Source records
________________________________________
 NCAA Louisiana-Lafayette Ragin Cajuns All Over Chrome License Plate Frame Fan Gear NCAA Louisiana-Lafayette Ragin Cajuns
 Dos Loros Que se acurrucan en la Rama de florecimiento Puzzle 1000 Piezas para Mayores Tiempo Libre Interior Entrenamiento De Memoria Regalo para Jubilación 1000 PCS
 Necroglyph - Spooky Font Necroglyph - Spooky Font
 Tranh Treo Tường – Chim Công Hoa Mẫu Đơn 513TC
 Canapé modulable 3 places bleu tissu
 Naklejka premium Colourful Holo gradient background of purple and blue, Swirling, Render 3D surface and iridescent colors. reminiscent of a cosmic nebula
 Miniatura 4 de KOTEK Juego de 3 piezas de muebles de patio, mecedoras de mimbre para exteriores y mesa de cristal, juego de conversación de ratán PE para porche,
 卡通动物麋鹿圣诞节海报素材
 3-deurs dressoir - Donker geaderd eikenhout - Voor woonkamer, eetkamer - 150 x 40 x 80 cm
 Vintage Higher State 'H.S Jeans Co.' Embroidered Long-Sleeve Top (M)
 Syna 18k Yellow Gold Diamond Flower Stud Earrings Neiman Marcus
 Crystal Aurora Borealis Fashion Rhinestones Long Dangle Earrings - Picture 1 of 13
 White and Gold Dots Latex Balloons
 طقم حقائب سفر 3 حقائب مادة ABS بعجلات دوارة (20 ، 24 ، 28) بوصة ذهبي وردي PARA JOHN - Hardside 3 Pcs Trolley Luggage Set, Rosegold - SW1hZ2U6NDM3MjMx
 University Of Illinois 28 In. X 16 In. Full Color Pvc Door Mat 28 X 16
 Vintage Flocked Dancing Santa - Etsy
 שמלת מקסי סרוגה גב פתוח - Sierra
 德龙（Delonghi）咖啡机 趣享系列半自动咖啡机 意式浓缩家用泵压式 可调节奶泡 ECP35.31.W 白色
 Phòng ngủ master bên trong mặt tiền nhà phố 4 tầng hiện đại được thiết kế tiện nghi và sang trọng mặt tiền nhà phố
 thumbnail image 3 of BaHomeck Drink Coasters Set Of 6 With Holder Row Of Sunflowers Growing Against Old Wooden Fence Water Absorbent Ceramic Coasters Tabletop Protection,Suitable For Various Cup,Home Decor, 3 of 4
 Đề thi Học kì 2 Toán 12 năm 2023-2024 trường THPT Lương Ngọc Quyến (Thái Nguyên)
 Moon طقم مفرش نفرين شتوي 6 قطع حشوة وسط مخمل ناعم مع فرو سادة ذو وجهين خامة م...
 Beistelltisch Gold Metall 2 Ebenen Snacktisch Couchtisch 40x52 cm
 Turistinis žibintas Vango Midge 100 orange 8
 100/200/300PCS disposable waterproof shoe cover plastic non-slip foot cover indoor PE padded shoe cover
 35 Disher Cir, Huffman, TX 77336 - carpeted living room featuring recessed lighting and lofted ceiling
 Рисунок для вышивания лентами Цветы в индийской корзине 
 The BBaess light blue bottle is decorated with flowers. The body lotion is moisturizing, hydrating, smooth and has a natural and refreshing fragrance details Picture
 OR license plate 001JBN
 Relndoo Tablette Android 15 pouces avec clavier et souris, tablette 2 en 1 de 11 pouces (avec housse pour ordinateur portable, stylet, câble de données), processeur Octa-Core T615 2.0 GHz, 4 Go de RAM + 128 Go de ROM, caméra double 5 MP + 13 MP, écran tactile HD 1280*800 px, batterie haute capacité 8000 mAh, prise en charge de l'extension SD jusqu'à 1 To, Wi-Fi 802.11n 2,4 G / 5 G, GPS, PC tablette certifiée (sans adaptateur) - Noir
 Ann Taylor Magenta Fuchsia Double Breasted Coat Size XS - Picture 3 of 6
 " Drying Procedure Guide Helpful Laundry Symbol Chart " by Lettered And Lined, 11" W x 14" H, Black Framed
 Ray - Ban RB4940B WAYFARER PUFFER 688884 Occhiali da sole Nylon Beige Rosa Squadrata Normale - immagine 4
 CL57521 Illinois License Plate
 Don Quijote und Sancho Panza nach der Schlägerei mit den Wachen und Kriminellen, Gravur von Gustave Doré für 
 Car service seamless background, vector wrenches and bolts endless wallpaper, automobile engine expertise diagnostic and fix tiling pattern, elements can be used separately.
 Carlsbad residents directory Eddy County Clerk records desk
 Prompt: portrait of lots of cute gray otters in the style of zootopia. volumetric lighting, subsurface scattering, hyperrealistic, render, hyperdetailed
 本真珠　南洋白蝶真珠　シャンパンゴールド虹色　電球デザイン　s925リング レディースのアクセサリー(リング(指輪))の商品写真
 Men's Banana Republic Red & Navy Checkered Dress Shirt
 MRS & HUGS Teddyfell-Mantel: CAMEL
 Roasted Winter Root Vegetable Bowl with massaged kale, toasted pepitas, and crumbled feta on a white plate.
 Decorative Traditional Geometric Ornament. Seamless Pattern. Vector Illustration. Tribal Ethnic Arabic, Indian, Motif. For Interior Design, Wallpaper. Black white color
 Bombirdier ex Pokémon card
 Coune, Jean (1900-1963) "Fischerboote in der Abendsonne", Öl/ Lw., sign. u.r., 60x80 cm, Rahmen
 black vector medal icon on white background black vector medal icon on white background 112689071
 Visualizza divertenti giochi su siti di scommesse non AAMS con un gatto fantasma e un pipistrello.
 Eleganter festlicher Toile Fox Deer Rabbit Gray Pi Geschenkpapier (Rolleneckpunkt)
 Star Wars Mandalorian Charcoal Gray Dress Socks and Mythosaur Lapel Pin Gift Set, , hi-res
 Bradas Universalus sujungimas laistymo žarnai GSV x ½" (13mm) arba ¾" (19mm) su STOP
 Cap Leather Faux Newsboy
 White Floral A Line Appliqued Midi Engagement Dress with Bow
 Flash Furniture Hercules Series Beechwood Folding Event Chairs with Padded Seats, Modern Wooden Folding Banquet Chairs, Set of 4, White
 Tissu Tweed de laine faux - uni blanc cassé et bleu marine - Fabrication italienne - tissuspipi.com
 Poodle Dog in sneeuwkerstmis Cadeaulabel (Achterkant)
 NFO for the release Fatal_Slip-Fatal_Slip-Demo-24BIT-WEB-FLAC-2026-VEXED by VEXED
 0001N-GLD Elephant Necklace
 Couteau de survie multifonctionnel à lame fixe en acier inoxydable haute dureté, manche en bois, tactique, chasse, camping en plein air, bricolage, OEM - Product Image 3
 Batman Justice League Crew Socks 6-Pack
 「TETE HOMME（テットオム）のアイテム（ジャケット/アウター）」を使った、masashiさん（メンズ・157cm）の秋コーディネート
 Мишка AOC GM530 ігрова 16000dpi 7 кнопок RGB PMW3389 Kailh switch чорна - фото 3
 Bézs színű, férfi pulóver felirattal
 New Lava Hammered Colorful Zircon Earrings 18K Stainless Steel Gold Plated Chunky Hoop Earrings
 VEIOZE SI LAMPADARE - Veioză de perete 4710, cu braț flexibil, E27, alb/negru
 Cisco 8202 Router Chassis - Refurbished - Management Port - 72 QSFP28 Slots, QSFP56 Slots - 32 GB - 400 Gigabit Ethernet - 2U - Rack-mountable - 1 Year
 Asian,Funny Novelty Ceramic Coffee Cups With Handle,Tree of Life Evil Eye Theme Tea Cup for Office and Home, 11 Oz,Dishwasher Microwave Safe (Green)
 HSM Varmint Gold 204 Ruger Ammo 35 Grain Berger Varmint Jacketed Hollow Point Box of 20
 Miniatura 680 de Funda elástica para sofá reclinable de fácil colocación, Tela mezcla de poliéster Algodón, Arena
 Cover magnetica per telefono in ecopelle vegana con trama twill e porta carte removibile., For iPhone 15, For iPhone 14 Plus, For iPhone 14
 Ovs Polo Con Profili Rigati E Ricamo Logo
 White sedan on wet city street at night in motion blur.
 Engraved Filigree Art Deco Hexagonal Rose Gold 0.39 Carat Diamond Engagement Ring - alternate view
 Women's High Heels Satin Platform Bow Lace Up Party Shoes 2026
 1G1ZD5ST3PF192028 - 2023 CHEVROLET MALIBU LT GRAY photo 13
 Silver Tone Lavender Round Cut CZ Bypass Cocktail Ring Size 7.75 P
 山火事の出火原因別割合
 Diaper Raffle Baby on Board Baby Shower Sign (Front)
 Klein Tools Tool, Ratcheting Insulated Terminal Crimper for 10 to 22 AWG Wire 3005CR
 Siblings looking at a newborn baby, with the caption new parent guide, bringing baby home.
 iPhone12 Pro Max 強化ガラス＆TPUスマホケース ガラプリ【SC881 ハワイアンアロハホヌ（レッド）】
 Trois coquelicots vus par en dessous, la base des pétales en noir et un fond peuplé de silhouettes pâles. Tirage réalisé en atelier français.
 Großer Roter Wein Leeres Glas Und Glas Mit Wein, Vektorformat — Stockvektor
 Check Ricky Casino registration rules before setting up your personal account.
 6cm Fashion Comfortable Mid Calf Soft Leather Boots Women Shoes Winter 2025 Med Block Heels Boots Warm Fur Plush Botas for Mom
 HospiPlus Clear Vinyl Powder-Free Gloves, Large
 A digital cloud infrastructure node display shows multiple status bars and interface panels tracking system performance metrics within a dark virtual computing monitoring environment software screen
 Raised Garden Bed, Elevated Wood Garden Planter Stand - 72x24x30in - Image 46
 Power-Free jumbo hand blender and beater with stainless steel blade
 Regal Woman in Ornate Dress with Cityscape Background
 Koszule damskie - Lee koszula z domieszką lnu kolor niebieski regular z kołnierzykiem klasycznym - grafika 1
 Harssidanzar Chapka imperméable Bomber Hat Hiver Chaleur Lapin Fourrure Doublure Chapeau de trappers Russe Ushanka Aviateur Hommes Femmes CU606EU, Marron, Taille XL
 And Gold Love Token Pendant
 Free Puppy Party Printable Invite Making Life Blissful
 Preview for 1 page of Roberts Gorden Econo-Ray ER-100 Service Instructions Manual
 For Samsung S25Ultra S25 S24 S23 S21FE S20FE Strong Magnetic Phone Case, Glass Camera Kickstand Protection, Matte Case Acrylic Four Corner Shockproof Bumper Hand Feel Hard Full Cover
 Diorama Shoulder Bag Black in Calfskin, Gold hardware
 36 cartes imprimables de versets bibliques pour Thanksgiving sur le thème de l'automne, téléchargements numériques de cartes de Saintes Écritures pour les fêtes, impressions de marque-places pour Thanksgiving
________________________________________
Problem details:
Each line of the data that holds "places" should be copied.

Solution:
 Canapé modulable 3 places bleu tissu
 36 cartes imprimables de versets bibliques pour Thanksgiving sur le thème de l'automne, téléchargements numériques de cartes de Saintes Écritures pour les fêtes, impressions de marque-places pour Thanksgiving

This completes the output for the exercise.